▸ **DATA SHOWN**:
------------------------

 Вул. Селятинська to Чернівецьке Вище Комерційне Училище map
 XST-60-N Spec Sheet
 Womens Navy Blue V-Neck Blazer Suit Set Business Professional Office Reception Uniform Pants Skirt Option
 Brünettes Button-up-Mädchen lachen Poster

------------------------

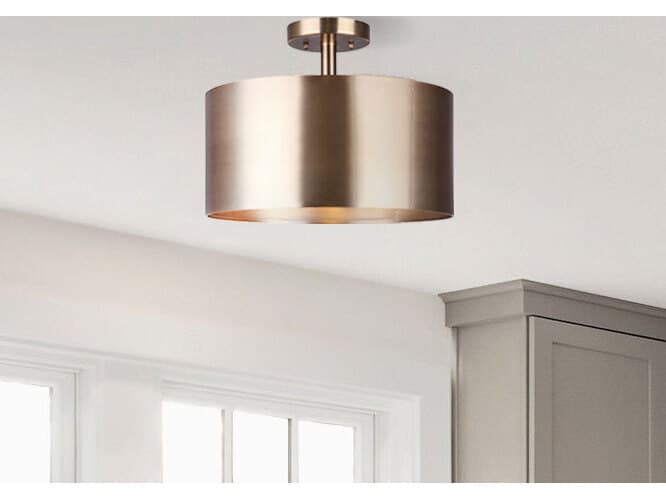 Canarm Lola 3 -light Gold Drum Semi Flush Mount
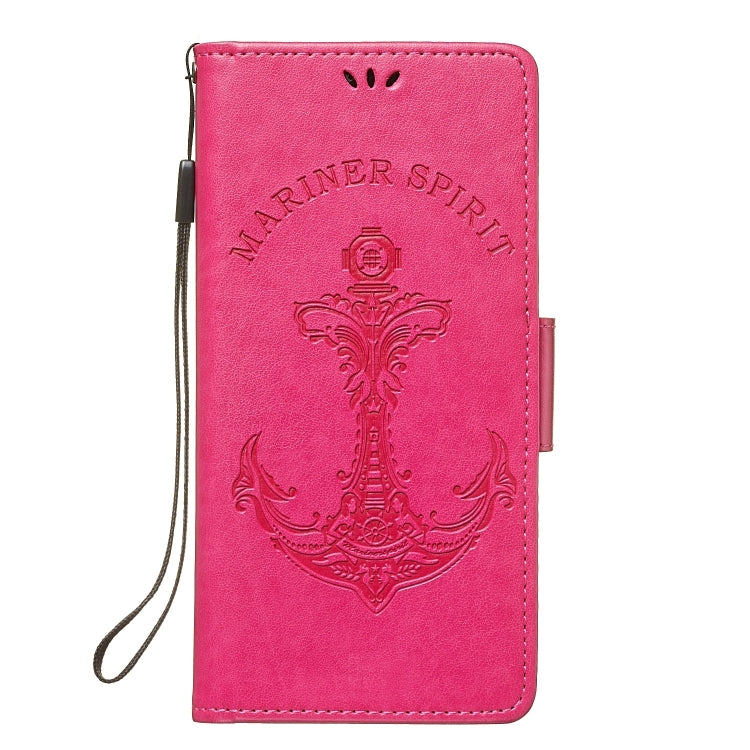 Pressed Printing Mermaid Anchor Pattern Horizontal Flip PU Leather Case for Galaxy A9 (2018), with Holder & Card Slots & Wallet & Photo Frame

------------------------

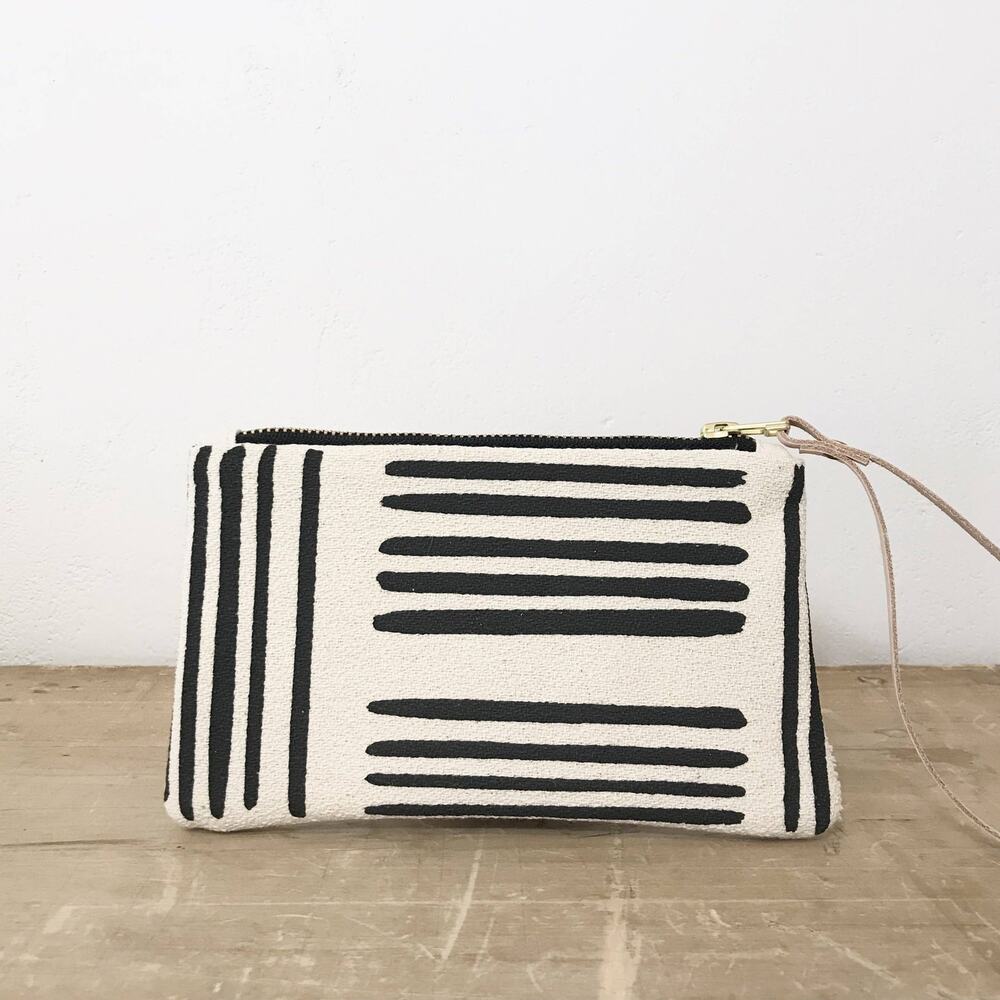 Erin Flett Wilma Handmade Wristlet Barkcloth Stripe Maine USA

------------------------

▸ **ASSIGNMENT**: Leave out every line above except those from the line with "Womens Navy Blue" up to and including the line with "Brünettes Button-up-Mädchen lachen Poster", and copy those exactly.

▸ **SOLUTION TO THIS EXERCISE**:
 Womens Navy Blue V-Neck Blazer Suit Set Business Professional Office Reception Uniform Pants Skirt Option
 Brünettes Button-up-Mädchen lachen Poster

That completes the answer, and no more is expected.